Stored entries
*** Begin section ***

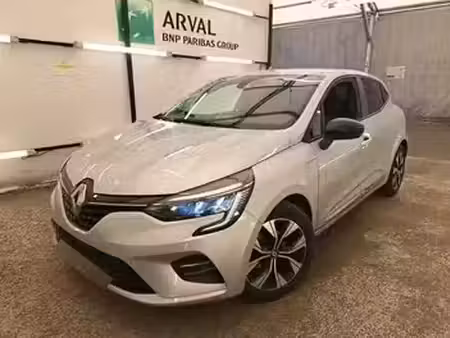 Renault Clio 1.0 SCe 65 Evolution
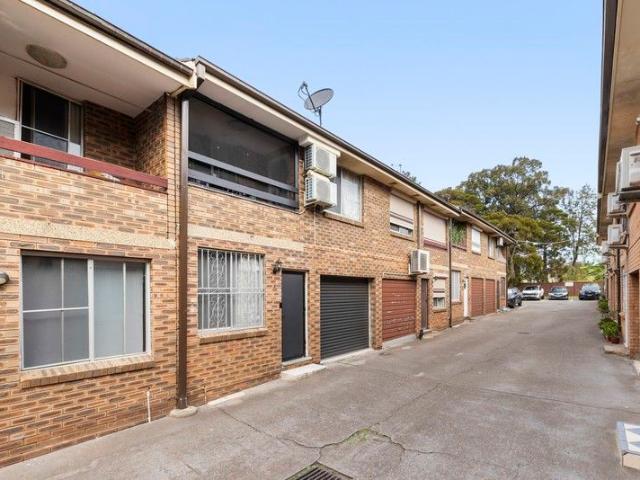 Townhouse for sale in Cabramatta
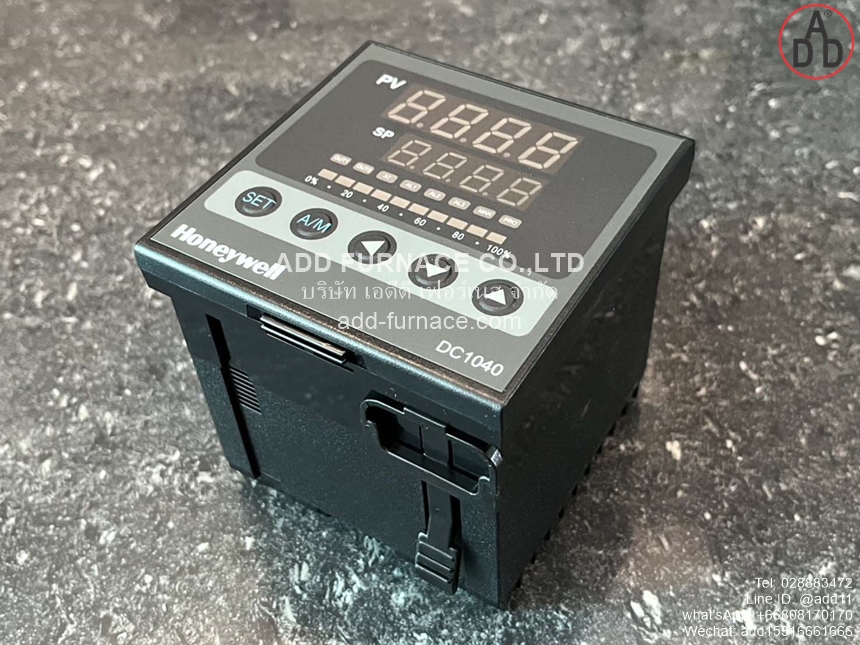 Honeywell DC1040PT-302000-E (9)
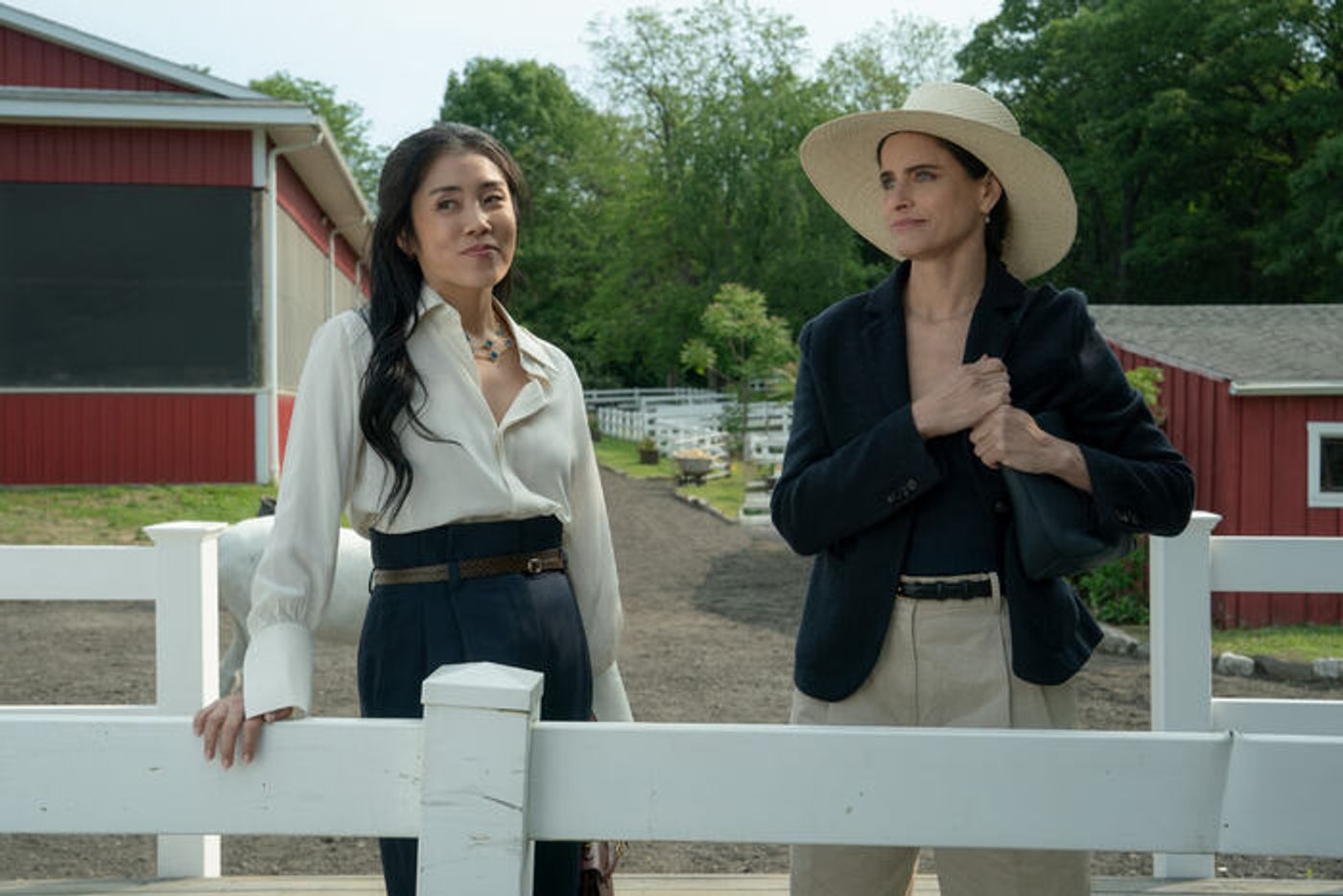 Photos: First Look at Apple's YOUR FRIENDS & NEIGHBORS Season 2  Image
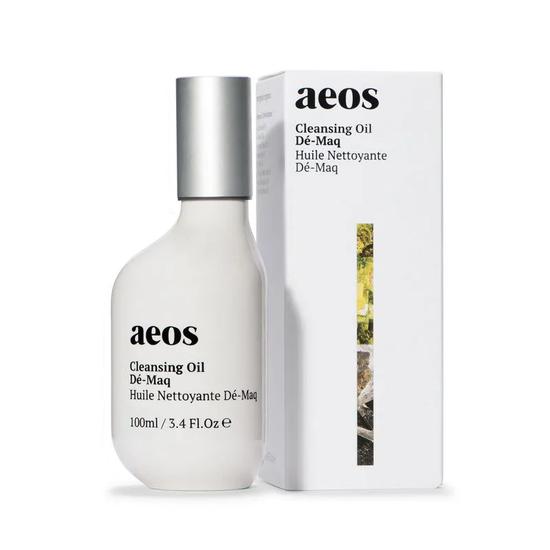 Aeos Cleansing Oil de-Maq 100ml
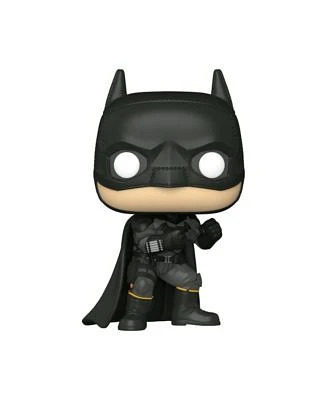 Pop Movies The Batman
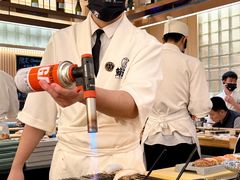 -鮨政·Omakase(万象城店)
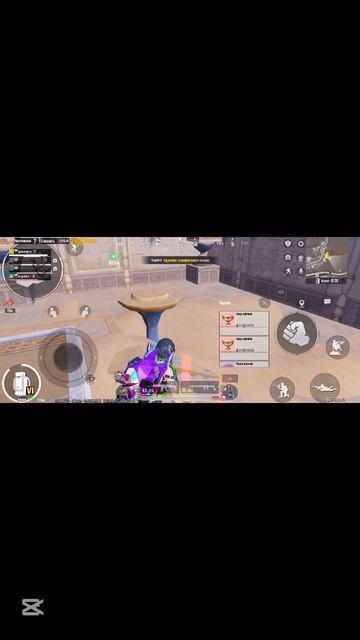 В первые открыл подвал в метро рояль #pubgmobile #pubgm #metroroyal # смотреть онлайн
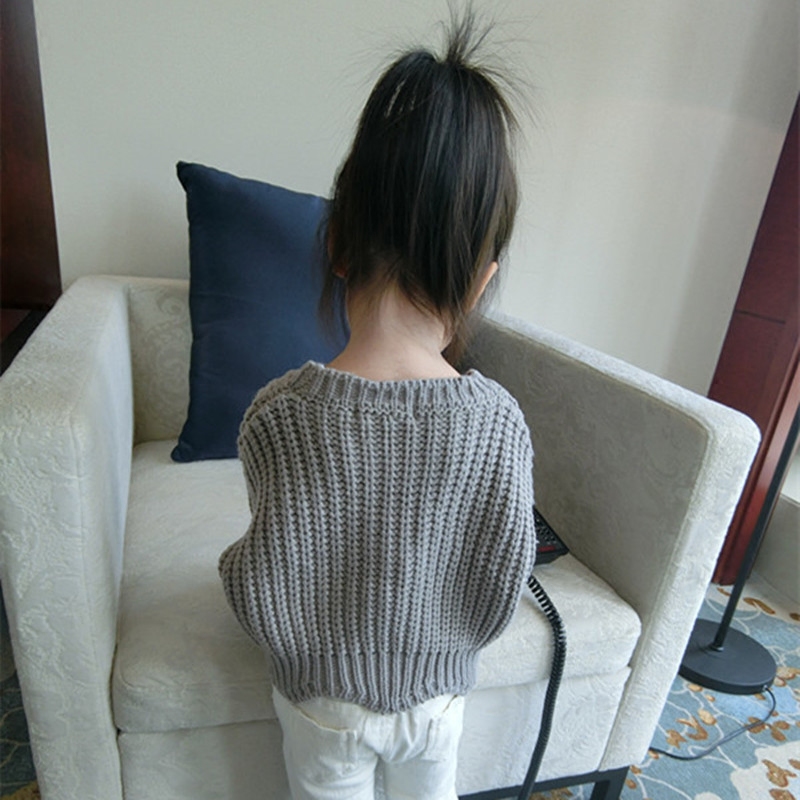 Pull fille - Ref 2106211 Image 4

*** End section ***

ACTIVITY ▸
Please retype exactly the lines from the line containing "Honeywell DC1040PT-302000-E (9)" through the final line of the records above, inclusive, leaving out any pictures.

RESPONSE BOX ▸
 Honeywell DC1040PT-302000-E (9)
 Photos: First Look at Apple's YOUR FRIENDS & NEIGHBORS Season 2  Image
 Aeos Cleansing Oil de-Maq 100ml
 Pop Movies The Batman
 -鮨政·Omakase(万象城店)
 В первые открыл подвал в метро рояль #pubgmobile #pubgm #metroroyal # смотреть онлайн
 Pull fille - Ref 2106211 Image 4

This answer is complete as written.